Against this, a different voice has been raised. As Pope Leo XIV is quoted as saying:
“God rejects the prayers of leaders who start wars. Their prayers do not rise beyond the ceilings of their palaces; they become trapped in the smoke of the bombs they themselves unleash.”
Such words recall an older prophetic tradition—one that does not comfort power but confronts it.
For the Christ of Palm Sunday cannot be easily enlisted into the machinery of empire. His kingdom, as he declares in Gospel of John 18:36, “is not of this world.” And yet, neither is it detached from it. It intrudes, disrupts, and unsettles. It calls for the love of enemies (Matthew 5:44), even as it warns of the consequences of violence: “All who take the sword will perish by the sword” (Matthew 26:52).
There is, to be sure, an apparent paradox. The same Christ who speaks of peace also declares, in Gospel of Matthew 10:34, that he has come not to bring peace but a sword. The tension is not accidental. It reflects the cost of truth in a divided world—the sword not of conquest, but of division between justice and injustice, between the kingdom of God and the kingdoms of men.
Thus, Palm Sunday becomes not merely a liturgical threshold into the Passion, but a political and moral reckoning.
For in every age, the question returns: where does loyalty lie? Is it with the state—however flawed, however corrupt—simply because it commands allegiance? Or is it with a higher conception of justice, one that often stands in judgment over earthly authority?

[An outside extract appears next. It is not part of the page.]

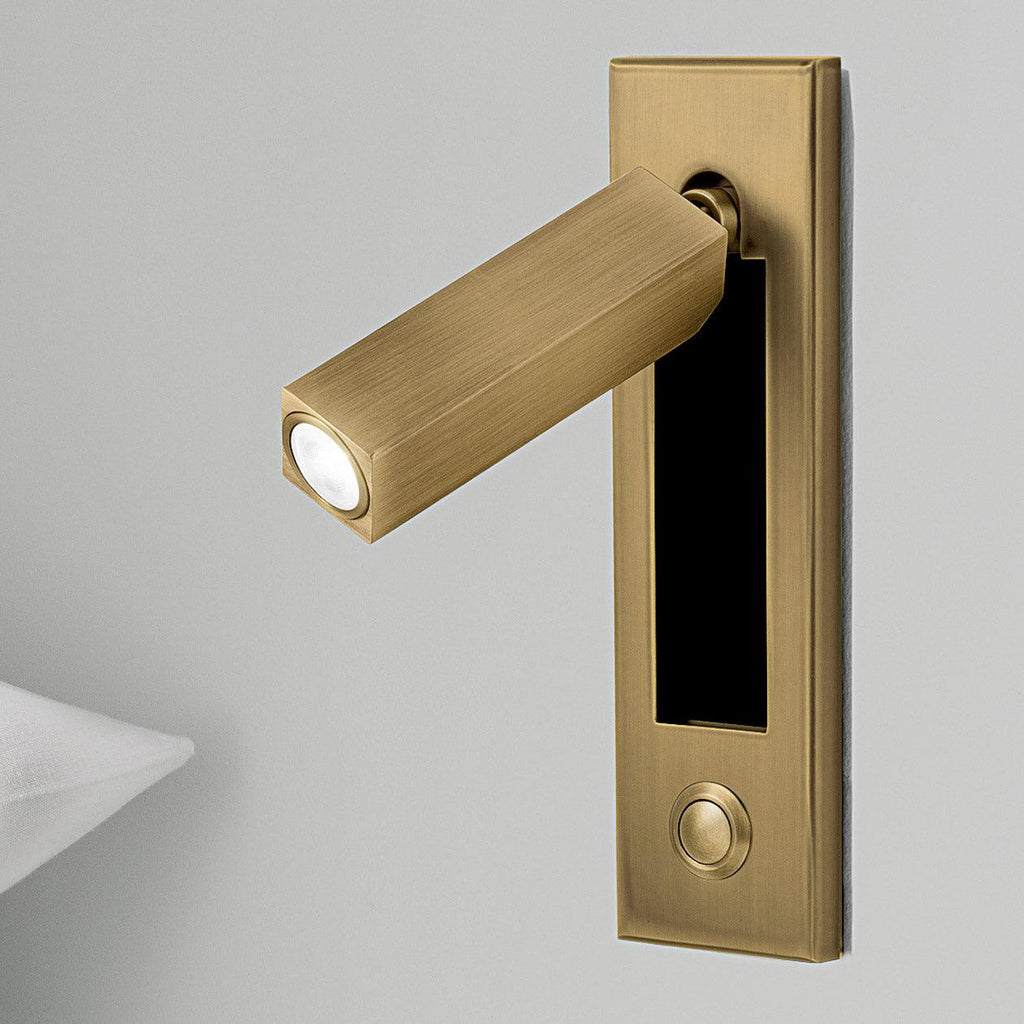 Recessed reading wall light flush-mounted in a minimalist interior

History offers no shortage of examples where this tension becomes acute. Societies, even those professing righteousness, fall into corruption. Systems meant to serve the common good are bent toward private gain. And in such moments, the invocation of God becomes not a call to repentance, but a shield against accountability.

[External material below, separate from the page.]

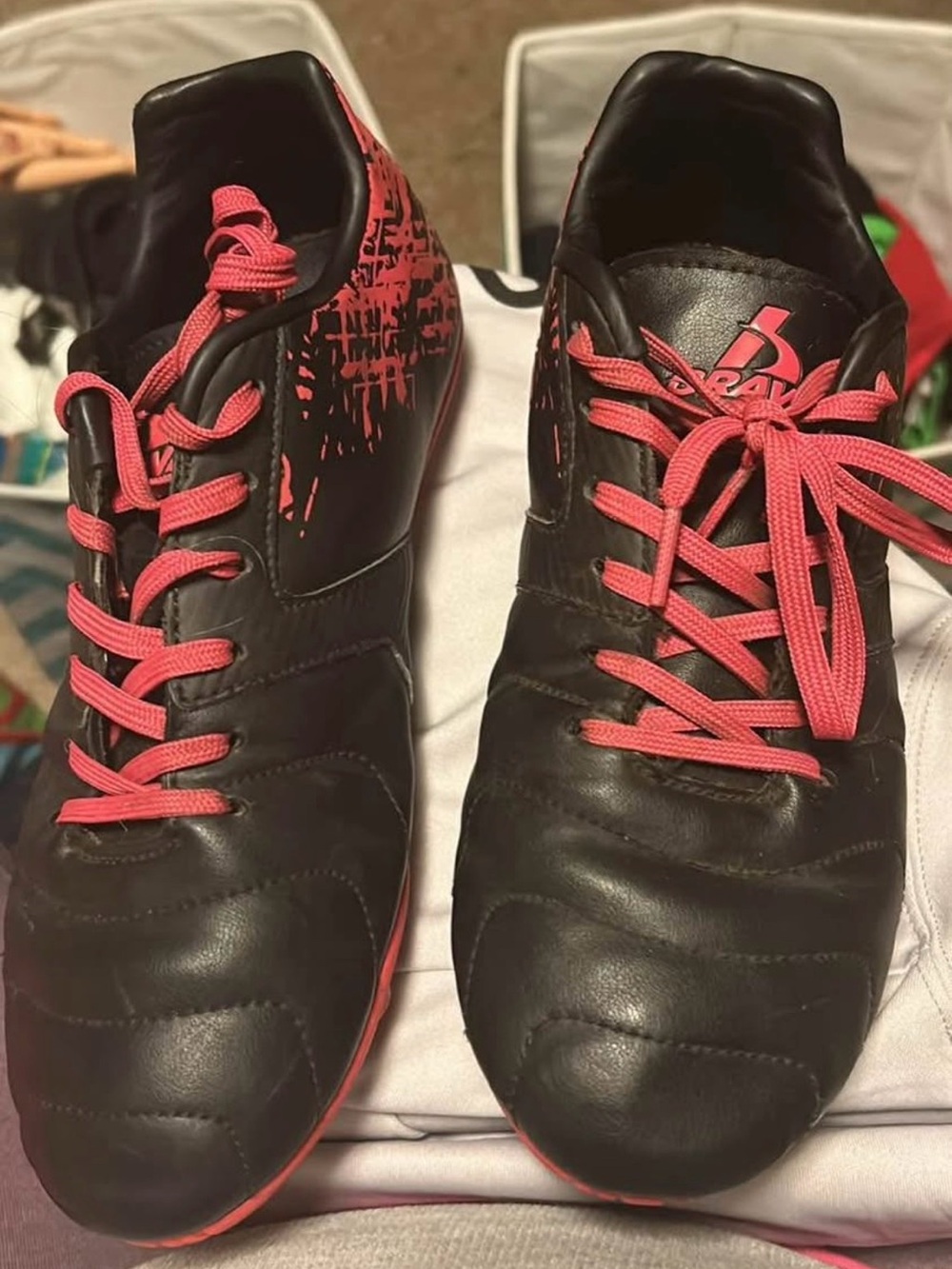 Girl soccer cleats and shin guards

It is precisely here that the Palm Sunday narrative speaks with renewed urgency.
For the one who enters Jerusalem does so not with legions, but with lament. He weeps—not only for what is, but for what might have been. He embodies a kingship that refuses coercion, a power that is revealed in surrender.
And in this refusal lies the scandal.
For it denies the world its preferred grammar of force. It challenges the assumption that justice must be imposed by violence, that order must be secured by domination. It proposes, instead, a kingdom built on love, humility, and solidarity with the oppressed.
The implications are not abstract.
“Do not waste your breath on prayers, nor profane temples with your ceremonial uniforms in search of a blessing that will never come. As long as even a single child is crying beneath the rubble because of them, every ‘Amen’ they utter will be a blasphemy.” Again said Pope Leo XIV.
Such a statement cuts through the pieties of power. It insists that faith divorced from justice is not merely insufficient—it is profane.
In this light, the figures so often reduced to abstractions are restored to their humanity. The refugee child is not an enemy. The grieving mother across a border is not expendable. Even the one labeled a dissident or a martyr cannot be so easily dismissed as “against the law” when the law itself has been corrupted.
To follow Christ, then, is not to retreat from the world, but to inhabit it differently. It is to make peace where the world makes war; to love where the world teaches hatred; to resist the seduction of vengeance even when it is cloaked in the language of justice.
Palm Sunday, in the end, offers no easy resolution.
It begins with raised palms—symbols of hope, of welcome, of fragile expectation. But it also gestures, implicitly, toward raised fists—not of blind revolt, but of moral resistance against injustice. Between these two gestures lies the path of the Passion: costly, misunderstood, and yet, for those who believe, the only road that leads beyond the cycles of violence.
The crowd once cried, “Hosanna! Save us!”
The question remains whether it recognized—and whether we recognize still—the kind of salvation being offered.